#### [What is needed]
Return each entry exactly, so that nothing in the data differs from the original.

Scraped caption text data

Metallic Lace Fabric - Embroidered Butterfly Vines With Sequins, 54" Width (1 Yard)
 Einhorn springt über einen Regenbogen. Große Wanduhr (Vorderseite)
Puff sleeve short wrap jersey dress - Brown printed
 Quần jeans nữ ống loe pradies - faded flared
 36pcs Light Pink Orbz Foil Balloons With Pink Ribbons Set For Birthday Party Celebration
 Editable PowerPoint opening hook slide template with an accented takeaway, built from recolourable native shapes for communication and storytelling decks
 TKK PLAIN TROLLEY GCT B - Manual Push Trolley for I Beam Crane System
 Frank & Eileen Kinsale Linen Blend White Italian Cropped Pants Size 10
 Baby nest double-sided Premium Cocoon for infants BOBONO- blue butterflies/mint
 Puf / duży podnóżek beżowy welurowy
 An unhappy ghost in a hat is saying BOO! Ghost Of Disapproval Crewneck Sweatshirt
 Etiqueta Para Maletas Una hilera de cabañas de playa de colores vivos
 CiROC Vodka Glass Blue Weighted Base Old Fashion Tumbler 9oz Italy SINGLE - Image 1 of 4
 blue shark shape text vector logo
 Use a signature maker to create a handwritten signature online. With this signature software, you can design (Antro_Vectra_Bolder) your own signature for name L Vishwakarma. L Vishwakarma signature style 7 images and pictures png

#### [Response]
Metallic Lace Fabric - Embroidered Butterfly Vines With Sequins, 54" Width (1 Yard)
 Einhorn springt über einen Regenbogen. Große Wanduhr (Vorderseite)
Puff sleeve short wrap jersey dress - Brown printed
 Quần jeans nữ ống loe pradies - faded flared
 36pcs Light Pink Orbz Foil Balloons With Pink Ribbons Set For Birthday Party Celebration
 Editable PowerPoint opening hook slide template with an accented takeaway, built from recolourable native shapes for communication and storytelling decks
 TKK PLAIN TROLLEY GCT B - Manual Push Trolley for I Beam Crane System
 Frank & Eileen Kinsale Linen Blend White Italian Cropped Pants Size 10
 Baby nest double-sided Premium Cocoon for infants BOBONO- blue butterflies/mint
 Puf / duży podnóżek beżowy welurowy
 An unhappy ghost in a hat is saying BOO! Ghost Of Disapproval Crewneck Sweatshirt
 Etiqueta Para Maletas Una hilera de cabañas de playa de colores vivos
 CiROC Vodka Glass Blue Weighted Base Old Fashion Tumbler 9oz Italy SINGLE - Image 1 of 4
 blue shark shape text vector logo
 Use a signature maker to create a handwritten signature online. With this signature software, you can design (Antro_Vectra_Bolder) your own signature for name L Vishwakarma. L Vishwakarma signature style 7 images and pictures png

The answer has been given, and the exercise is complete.